Azalea mengangguk mengerti. Apakah Juna sering menunda makan hingga membuatnya sakit tifus. Jika iya sepertinya Azalea harus menceramahinya agar tidak mengulanginya lagi.

Hanya butuh waktu sekitar empat puluh menit untuk sampa di rumah sakit tempat Juna dirawat. Dan sekarang Azalea juga Hanjian menyusuri setiap lorong untuk mencari kamar yang Juna pakai. Hanjian berhenti di depan kamar dengan nomor tertentu, lalu membuka pintu kamar itu. Azalea mengikuti di belakangnya. Dan di ruangan itu, Juna sedang terbaring dengan selang infus di tangannya.

“Juna, sejak kapan kamu tidur di situ?” tanya Azalea dengan duduk di kursi di sebelah ranjang yang Juna pakai. Sedangkan Hanjian, dia duduk di sofa yang tersedia dan membiarkan Azalea berbincang dengan Juna terlebih dahulu.

“Belum lama, sih. Baru tiga hari yang lalu.” Jawab Juna dengan mencoba untuk duduk. Azalea dengan sigap membantu Juna yang akan duduk itu.

“Emang mau berapa hari, Juna? Kalau tiga hari aja dibilang baru.”

“Ya, sampai sembuh, Aza.”

“Kamu pasti telat makan, kan? Kan? Padahal kamu kerja di kafe masa telat makan.” Tukas Azalea dengan menuding Juna. “Jangan sampai telat makannya, Juna. Jadinya sakit, kan. Kalau udah sampai tipes bisa kambuh lagi kalau telat makan lagi.”

Juna tersenyum dengan menganggukkan kepalanya. “Iya, iya, Tuan Putri.”

“Junaaaa.” Aletta memasuki kamar inap Juna dengan suara keras membuat mereka yang di dalam terlonjak.

“Al, nggak usah keras-keras juga manggilnya!” tegur Azalea dengan berdiri dari duduknya agar bergantian dengan Aletta.

“Maaf, Za. Lupa.” Aletta duduk di tempat yang sebelumnya diduduki Azalea. Dia menghadap Juna dan mengelus kepala Juna dengan pelan.

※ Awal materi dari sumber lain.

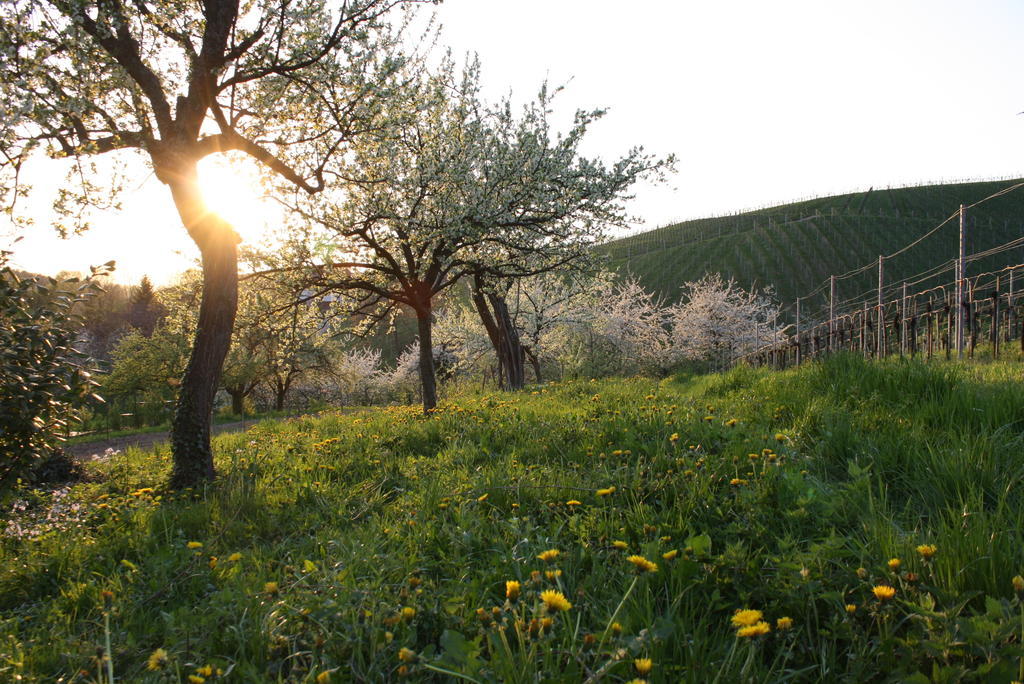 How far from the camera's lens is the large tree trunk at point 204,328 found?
6359mm

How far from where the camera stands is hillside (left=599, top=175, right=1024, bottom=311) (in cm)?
6066

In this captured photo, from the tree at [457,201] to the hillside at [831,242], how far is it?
44963mm

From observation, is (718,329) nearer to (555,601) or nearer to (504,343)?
(504,343)

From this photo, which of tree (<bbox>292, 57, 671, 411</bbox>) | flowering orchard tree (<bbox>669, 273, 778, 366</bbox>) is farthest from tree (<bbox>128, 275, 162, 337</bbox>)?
tree (<bbox>292, 57, 671, 411</bbox>)

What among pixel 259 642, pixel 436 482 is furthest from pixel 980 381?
pixel 259 642

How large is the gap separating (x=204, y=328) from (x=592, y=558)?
5.83 meters

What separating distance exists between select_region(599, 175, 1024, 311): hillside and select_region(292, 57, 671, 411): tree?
45.0 m

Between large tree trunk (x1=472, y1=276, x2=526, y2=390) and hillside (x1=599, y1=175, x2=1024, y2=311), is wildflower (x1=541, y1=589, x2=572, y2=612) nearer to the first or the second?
large tree trunk (x1=472, y1=276, x2=526, y2=390)

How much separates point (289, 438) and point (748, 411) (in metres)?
6.36

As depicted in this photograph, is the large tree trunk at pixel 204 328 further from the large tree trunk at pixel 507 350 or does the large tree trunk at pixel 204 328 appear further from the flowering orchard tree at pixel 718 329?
the flowering orchard tree at pixel 718 329

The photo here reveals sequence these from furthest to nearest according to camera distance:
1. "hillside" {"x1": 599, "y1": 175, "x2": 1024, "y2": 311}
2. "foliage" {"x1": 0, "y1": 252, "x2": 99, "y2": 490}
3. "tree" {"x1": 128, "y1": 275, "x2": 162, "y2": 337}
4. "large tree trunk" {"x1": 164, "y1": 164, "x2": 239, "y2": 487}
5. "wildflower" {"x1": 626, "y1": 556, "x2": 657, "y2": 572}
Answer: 1. "hillside" {"x1": 599, "y1": 175, "x2": 1024, "y2": 311}
2. "tree" {"x1": 128, "y1": 275, "x2": 162, "y2": 337}
3. "large tree trunk" {"x1": 164, "y1": 164, "x2": 239, "y2": 487}
4. "foliage" {"x1": 0, "y1": 252, "x2": 99, "y2": 490}
5. "wildflower" {"x1": 626, "y1": 556, "x2": 657, "y2": 572}

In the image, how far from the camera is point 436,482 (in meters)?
4.18

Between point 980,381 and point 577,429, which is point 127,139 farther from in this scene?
point 980,381

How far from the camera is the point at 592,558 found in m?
2.64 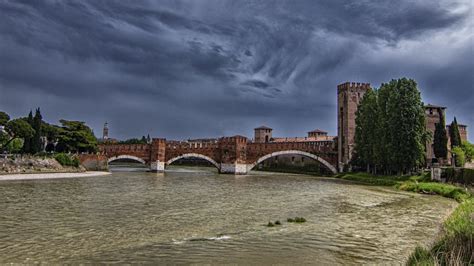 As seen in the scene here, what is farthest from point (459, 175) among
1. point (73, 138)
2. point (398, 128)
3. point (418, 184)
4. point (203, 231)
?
point (73, 138)

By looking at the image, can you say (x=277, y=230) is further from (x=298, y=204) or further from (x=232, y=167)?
(x=232, y=167)

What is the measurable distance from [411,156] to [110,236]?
3383cm

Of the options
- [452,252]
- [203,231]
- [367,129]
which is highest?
[367,129]

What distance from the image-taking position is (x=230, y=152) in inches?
2429

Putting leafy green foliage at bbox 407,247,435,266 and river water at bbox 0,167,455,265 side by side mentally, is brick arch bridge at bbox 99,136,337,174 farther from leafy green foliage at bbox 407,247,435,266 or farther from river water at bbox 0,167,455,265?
leafy green foliage at bbox 407,247,435,266

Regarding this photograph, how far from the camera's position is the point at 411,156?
37750mm

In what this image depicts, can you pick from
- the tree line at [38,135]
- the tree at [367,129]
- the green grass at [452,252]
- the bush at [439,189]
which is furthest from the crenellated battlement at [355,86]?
the green grass at [452,252]

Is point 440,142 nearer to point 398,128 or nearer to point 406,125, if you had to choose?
point 398,128

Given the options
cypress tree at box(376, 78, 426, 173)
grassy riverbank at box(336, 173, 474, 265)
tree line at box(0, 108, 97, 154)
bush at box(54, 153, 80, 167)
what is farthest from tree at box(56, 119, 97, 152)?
cypress tree at box(376, 78, 426, 173)

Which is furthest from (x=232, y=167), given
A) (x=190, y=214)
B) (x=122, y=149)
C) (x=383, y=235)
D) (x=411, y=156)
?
(x=383, y=235)

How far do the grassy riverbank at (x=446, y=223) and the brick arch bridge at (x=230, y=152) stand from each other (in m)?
6.96

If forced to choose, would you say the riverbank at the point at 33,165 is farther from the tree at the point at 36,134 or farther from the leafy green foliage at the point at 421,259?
the leafy green foliage at the point at 421,259

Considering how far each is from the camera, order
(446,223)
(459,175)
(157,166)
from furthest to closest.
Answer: (157,166) → (459,175) → (446,223)

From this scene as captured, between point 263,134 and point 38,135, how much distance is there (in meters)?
60.9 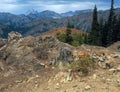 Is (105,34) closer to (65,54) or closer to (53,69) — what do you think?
(65,54)

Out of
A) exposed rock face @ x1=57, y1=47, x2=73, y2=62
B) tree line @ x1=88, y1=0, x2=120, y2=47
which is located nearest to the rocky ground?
exposed rock face @ x1=57, y1=47, x2=73, y2=62

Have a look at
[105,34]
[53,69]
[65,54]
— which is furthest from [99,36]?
[53,69]

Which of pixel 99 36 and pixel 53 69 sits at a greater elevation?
pixel 53 69

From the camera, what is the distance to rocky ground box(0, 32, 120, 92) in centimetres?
2430

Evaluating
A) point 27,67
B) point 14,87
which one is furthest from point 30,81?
point 27,67

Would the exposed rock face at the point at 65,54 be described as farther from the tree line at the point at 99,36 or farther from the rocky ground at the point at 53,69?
the tree line at the point at 99,36

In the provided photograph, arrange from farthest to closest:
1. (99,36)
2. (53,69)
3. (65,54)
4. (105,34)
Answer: (105,34), (99,36), (65,54), (53,69)

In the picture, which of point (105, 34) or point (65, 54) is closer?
point (65, 54)

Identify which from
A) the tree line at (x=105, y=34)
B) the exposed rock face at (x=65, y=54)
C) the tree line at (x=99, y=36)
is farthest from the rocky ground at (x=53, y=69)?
the tree line at (x=105, y=34)

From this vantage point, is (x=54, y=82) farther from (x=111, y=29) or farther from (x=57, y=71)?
(x=111, y=29)

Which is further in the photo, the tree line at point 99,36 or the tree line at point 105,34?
the tree line at point 105,34

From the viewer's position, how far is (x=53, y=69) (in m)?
28.1

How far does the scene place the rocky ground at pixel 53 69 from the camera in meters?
24.3

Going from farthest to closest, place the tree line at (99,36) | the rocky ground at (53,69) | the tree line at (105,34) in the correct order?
1. the tree line at (105,34)
2. the tree line at (99,36)
3. the rocky ground at (53,69) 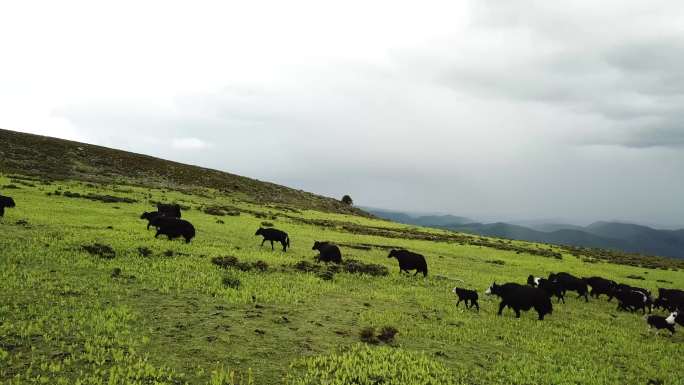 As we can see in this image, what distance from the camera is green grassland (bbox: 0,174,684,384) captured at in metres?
11.4

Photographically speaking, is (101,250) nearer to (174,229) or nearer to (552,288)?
(174,229)

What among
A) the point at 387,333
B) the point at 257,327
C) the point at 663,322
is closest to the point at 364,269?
the point at 387,333

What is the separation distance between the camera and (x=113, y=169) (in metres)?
80.4

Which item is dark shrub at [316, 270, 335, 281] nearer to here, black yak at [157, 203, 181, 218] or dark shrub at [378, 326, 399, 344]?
dark shrub at [378, 326, 399, 344]

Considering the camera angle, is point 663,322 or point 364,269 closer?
point 663,322

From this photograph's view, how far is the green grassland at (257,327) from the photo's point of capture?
11383mm

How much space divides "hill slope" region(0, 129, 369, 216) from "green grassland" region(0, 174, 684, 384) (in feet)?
162

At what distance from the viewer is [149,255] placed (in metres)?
22.7

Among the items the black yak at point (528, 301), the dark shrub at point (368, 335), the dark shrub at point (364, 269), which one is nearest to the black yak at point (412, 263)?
the dark shrub at point (364, 269)

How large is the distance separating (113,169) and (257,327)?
253 feet

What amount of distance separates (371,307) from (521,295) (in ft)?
22.9

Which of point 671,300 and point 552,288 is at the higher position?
point 671,300

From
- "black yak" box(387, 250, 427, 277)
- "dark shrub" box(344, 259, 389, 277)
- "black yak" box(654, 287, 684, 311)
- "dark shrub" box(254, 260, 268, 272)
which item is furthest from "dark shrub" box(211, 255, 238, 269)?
"black yak" box(654, 287, 684, 311)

Azalea memicingkan matanya melihat perlakuan Aletta pada Juna. Seperti ada sesuatu di antara mereka. Azalea menoleh ke Hanjian dengan maksud bertanya tentang Aletta dan Hanjian, tapi yang Azalea dapatkan hanyalah gelengan kepala.

“Kok, bisa kamu sakit gini, Juna? Pasti pola makannya nggak bener, ya?” ucap Aletta masih setia mengelus kepala Juna.

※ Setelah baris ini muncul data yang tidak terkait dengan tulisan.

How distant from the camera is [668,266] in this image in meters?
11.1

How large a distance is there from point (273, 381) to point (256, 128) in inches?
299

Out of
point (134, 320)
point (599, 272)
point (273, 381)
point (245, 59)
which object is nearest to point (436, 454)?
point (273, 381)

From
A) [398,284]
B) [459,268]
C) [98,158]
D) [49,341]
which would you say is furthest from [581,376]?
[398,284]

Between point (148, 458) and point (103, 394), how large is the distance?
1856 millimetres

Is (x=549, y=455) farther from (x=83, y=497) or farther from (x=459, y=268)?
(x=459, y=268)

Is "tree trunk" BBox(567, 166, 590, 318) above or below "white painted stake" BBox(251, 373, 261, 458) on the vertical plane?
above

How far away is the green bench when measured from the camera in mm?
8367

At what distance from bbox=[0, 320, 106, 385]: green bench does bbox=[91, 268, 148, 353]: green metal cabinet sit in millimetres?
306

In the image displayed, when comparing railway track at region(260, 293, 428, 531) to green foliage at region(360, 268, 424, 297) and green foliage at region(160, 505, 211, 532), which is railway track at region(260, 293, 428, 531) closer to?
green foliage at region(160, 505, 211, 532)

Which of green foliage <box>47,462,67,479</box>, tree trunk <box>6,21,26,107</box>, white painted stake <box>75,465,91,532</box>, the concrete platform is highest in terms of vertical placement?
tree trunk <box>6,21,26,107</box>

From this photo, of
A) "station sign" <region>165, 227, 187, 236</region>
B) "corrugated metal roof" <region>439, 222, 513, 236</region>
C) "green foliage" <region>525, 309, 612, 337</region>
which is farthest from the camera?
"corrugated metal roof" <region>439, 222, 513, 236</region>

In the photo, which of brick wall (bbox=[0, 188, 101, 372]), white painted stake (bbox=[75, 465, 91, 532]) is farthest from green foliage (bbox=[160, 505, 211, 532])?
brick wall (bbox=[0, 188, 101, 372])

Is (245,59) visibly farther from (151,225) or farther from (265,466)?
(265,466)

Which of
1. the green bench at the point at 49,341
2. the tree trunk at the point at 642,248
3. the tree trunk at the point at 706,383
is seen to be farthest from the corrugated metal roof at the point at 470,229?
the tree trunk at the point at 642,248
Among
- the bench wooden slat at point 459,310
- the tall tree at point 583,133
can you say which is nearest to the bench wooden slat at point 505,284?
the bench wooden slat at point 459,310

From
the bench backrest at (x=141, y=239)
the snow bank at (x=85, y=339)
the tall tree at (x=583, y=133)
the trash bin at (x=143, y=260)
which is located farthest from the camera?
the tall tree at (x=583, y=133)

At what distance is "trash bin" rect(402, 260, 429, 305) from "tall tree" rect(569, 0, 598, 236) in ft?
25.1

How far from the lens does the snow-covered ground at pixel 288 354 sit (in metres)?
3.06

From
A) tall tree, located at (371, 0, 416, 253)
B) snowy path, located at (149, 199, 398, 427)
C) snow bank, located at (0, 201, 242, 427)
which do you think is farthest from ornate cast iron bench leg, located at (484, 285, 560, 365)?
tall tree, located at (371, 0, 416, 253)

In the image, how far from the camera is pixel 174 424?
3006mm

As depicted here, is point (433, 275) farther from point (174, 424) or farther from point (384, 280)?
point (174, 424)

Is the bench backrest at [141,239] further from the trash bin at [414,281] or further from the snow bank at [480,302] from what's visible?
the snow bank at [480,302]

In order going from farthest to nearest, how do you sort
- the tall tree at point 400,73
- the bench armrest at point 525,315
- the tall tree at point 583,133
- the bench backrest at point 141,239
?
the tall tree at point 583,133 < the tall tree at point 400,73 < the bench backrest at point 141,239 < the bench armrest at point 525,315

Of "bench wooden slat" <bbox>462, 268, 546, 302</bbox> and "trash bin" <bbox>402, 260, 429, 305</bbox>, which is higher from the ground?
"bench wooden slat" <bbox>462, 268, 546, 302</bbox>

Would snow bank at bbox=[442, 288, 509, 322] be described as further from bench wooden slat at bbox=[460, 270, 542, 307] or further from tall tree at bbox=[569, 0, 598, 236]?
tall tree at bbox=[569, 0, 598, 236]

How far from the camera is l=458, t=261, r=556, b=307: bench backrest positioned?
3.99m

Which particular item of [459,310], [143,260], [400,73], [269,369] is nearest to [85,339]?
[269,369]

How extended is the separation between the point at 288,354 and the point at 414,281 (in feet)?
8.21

“Namanya juga manusia, Al, pasti bisa sakit,” dengan menikmati usapan lembut di kepalanya Juna menjawab dan menatap Aletta, “Kamu pulang mengajar langsung ke sini?” imbuhnya lagi karena melihat Aletta masih menggunakan seragam kerjanya.

“Iya, lah. Waktu Jian ngabarin kamu masuk rumah sakit pas sekali aku mau pulang. Terus langsung mampir ke sini.”

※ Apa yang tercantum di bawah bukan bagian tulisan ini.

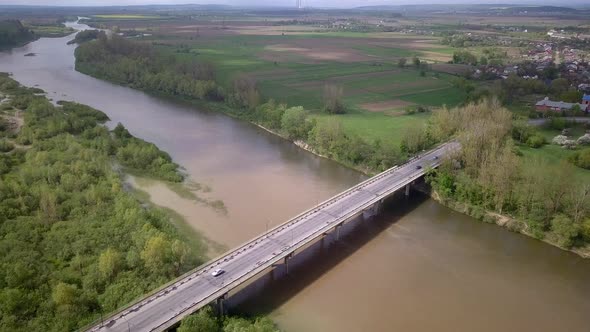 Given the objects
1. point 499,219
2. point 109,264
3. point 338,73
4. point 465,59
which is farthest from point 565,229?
point 465,59

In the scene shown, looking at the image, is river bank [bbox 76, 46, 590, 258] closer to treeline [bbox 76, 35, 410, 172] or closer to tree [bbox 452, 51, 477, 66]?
treeline [bbox 76, 35, 410, 172]

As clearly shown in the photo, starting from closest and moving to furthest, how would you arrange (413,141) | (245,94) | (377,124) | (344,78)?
(413,141), (377,124), (245,94), (344,78)

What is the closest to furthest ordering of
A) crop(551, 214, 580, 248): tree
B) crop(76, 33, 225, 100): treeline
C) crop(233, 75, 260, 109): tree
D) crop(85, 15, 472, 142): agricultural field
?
1. crop(551, 214, 580, 248): tree
2. crop(233, 75, 260, 109): tree
3. crop(85, 15, 472, 142): agricultural field
4. crop(76, 33, 225, 100): treeline

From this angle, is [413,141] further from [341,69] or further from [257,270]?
[341,69]

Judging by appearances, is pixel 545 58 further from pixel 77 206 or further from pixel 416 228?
pixel 77 206

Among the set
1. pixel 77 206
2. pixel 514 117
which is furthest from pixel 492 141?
pixel 77 206

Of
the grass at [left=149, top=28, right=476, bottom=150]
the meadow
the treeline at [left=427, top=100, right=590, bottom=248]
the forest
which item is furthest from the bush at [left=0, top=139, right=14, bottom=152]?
the treeline at [left=427, top=100, right=590, bottom=248] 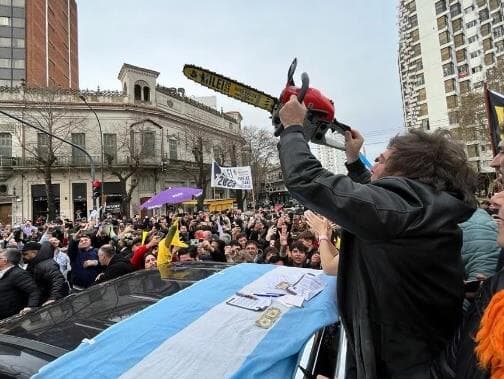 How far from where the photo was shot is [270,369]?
1.60 m

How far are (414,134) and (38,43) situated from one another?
2490 inches

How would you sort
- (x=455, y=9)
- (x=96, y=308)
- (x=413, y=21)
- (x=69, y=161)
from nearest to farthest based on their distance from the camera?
(x=96, y=308)
(x=69, y=161)
(x=455, y=9)
(x=413, y=21)

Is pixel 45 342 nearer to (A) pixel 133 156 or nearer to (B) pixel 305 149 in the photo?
(B) pixel 305 149

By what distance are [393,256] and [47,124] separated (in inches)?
1378

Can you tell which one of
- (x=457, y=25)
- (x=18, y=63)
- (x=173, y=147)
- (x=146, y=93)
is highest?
(x=457, y=25)

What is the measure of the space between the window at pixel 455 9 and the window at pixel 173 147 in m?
48.6

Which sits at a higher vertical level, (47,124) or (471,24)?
(471,24)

“Minimal ganti baju dulu, Al. Cuci muka juga biar nggak kucel.”

“Bodo amat kucel, yang penting tetep cantik.”

Juna tersenyum kecil mendengar kalimat kepercayaan diri dari Aletta. Dimatanya perempuan itu selalu cantik setiap saat, dan tidak membuat dirinya bosan memandangnya.

“Iya, kamu memang selalu cantik, kok,” puji Juna pada Aletta.

Aletta sendiri mendapat pujian dari Juna berusaha untuk tidak tersenyum. Alhasil dia harus menahan senyumannya agar tidak mengembang.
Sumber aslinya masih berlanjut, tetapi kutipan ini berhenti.